Although these all services and technologies have some limitations, these all systems are improving the accuracy and provision and prediction of cardiovascular diseases. The findings of this systematic literature review also concluded that these new wearable, smart-home, mHealth systems have gained popularity. Some wearable devices are popular in patients and will constantly increase their usage. According to the study [92], overall healthcare devices’ trend has increased as shown in Fig. 5.

Fig. 5
figure 5

Overall 3-year market trend analysis [92]

7 Conclusion

This century is marked with continuing and rapid progress in the field of healthcare and information technology transitioning with it to a new and dynamic era of digitization. Understanding that there is increasing pressure on the healthcare systems in the evolved countries due to increased ageing populations and health workforce shortages, expanding the role of digital technologies can help by the optimum allocation of existing resources, can promote more efficient patient monitoring and can also help in the early detection and prevention of various health conditions. It can also promote patient ownership in the management of his disease by enhanced engagement leading to improved patient health outcomes. The journey leading to a new and completely digitized world of health monitoring and management is on the horizon, which would revolutionize how health care is viewed.

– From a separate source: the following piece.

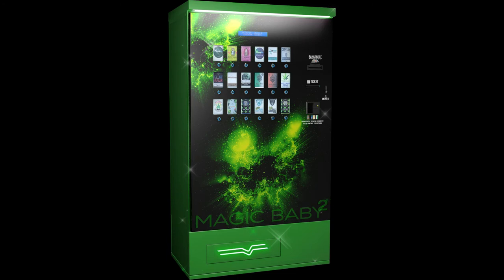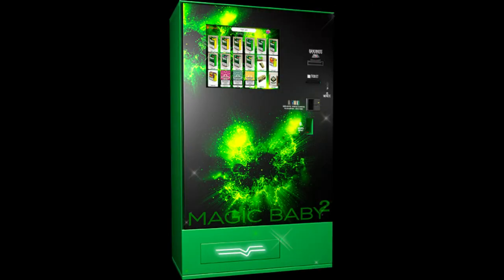MAGIC BABY is a versatile cannabis vending machine. It has 18 choices, it can contain about 300 products, and you can place it everywhere: bars, discos, tobacco shops, and so on. MAGIC BABY is available in two versions: with a push button screen or with a touchscreen. The first solution is more economic, but the second is more technologically innovative.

Even though challenges and limitations exist to achieve a high level of digitization in our daily lives, technology advancement is gradually helping to overcome the limitations and make the impossible things into possible systems and achieve a world of endless possibilities. However, with various advantages, these new technology-based systems have suffered from some issues like adaptability, scalability, usage awareness, accuracy and data handling issues. This SLR will help the new researchers in the field of healthcare, especially for ambient living assisted applications and systems. The most available systems are using for cardiovascular disease all over the world. This paper discusses the wearable technologies role for early detection of cardiovascular diseases, the role of ambient assisted living (AAL), the role of clinicians in providing treatments for patients who are digitally monitored and, finally, deep learning-based applications for biomedical data originated from wearable devices and other medical databases.